Try it: Skipping any pictures, repeat exactly and only the lines from the one that holds "Puppe Mädchen Colourful" to the last line of the material, both included.

Information provided:

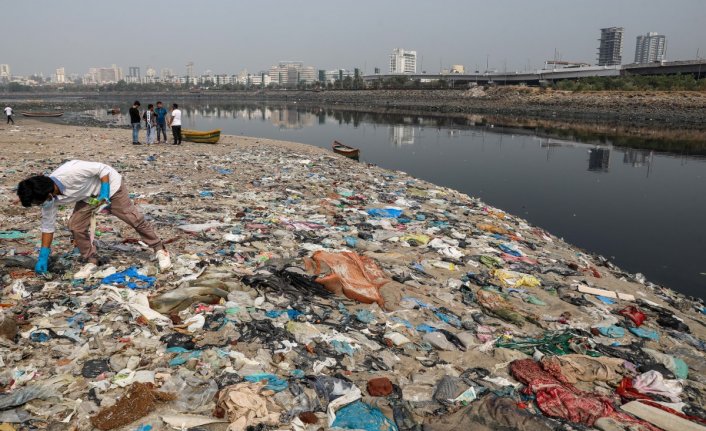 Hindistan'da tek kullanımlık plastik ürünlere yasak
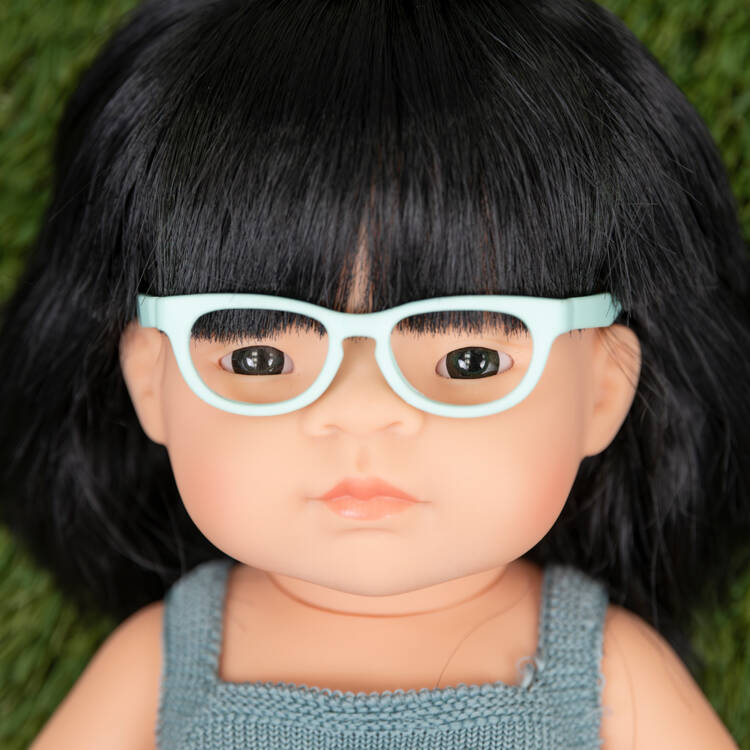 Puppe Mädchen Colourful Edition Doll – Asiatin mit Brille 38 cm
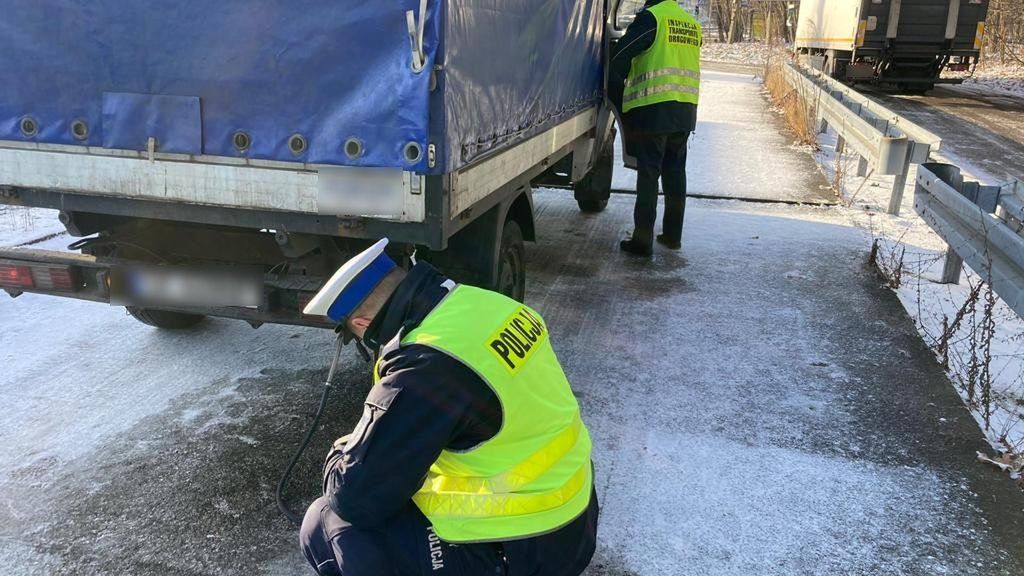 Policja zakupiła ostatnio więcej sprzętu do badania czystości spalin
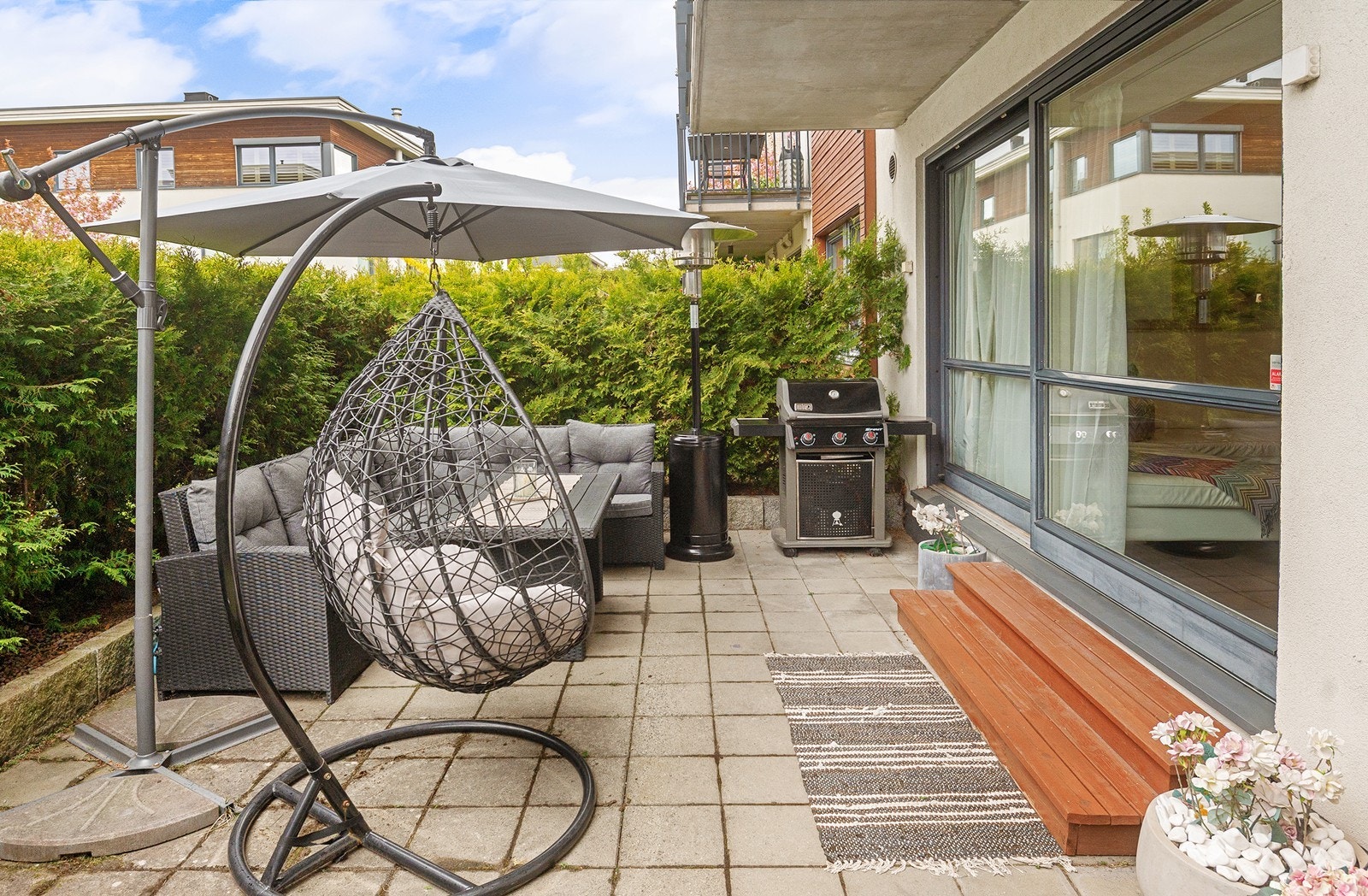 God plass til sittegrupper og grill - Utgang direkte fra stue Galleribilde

Result of the task:
 Puppe Mädchen Colourful Edition Doll – Asiatin mit Brille 38 cm
 Policja zakupiła ostatnio więcej sprzętu do badania czystości spalin
 God plass til sittegrupper og grill - Utgang direkte fra stue Galleribilde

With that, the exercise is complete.